To see if using two threads improved performance, let us compare against a single thread:
{yourpc:~} ./a.out 1
0: put time = 0.012343
0: get time = 0.852030
0: 0 keys missing
completion time = 0.864743
The completion time for the single thread case (~0.86s) is slightly less than twice the two threads case. Thus, the two threads case achieved nearly 2x parallel speedup for the get phase on two processor/cores, which is very good.
- Why there is no speedup for put phase?
When you run this application, you may see no parallelism if you are running on a machine with only one core or if the machine is busy running other applications.
Two inferences: 1) The completion time for 2 threads is roughly half that of single thread; we are achieving good parallelism. 2) The output for two threads says that many keys are missing. In your runs, there may be more or fewer keys missing. If you run with one thread, there will never be any keys missing.
- Why are there missing keys with 2 or more threads, but not with 1 thread?
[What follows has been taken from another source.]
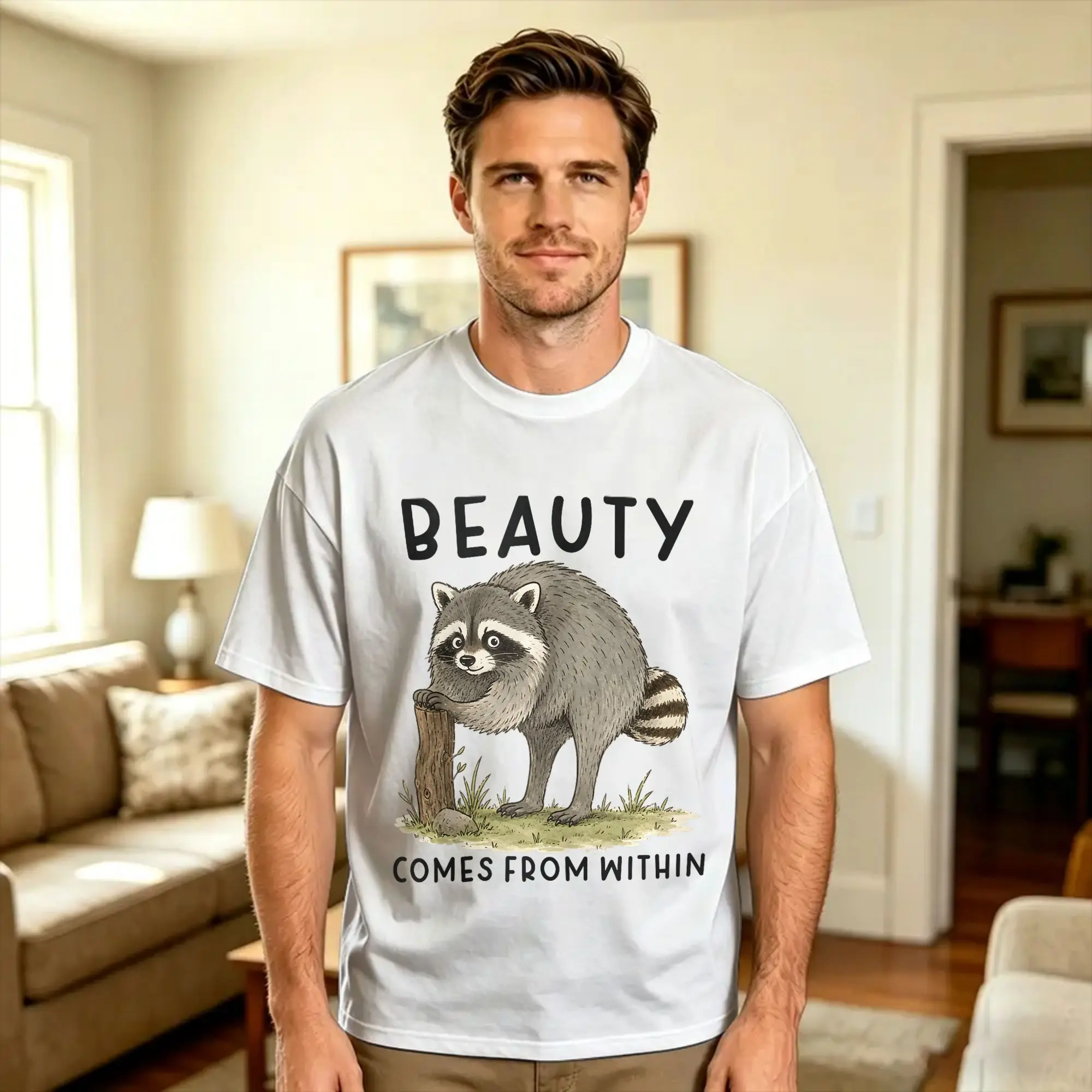 Timothy Raccoon Viral Meme Jimothy T Shirt Summer  Cotton T-Shirts For Male Design Tshirt Short Sleeves Vintage Clothes
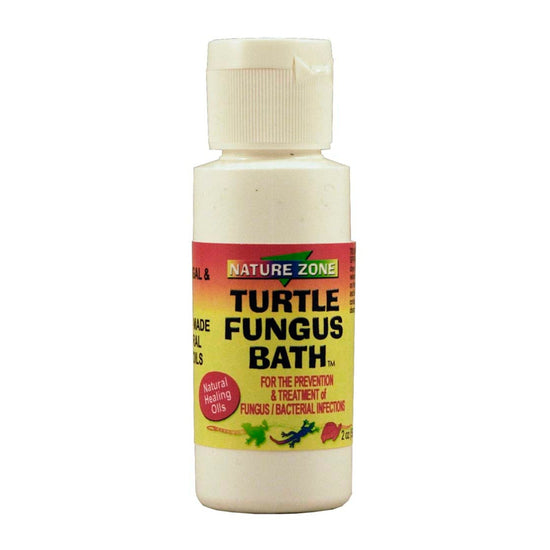 Nature Zone Turtle Fungus Bath Antifungal and Antibacterial Treatment 1ea/2oz for your Pet Reptile with Pet Store X.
Identify a sequence of events that can lead to keys missing for 2 threads.
To avoid this sequence of events, insert lock and unlock statements in put() and get() routines so that the number of keys missing is always 0. The relevant pthread calls are (for more see the manual pages, man pthread):
pthread_mutex_t lock; // declare a lock
pthread_mutex_init(&lock, NULL); // initialize the lock
pthread_mutex_lock(&lock); // acquire lock
pthread_mutex_unlock(&lock); // release lock
Test your code first with 1 thread, then test it with 2 threads. Is it correct (i.e. have you eliminated missing keys?)?
- Is the two-threaded version faster than the single-threaded version?
Modify your code so that get operations run in parallel while maintaining correctness. (Hint: are the locks in get necessary for correctness in this application?)
Modify your code so that some put operations run in parallel while maintaining correctness. (Hint: use a lock per bucket)
- What do you observe?
- What do you infer when you repeat the above experiments for more than 2 threads (say, 10 or more?)
Write your answers for the above 5 questions in a text file (name it e3.txt) and submit along with your code.
Make sure you comment the part of the code you added/modified.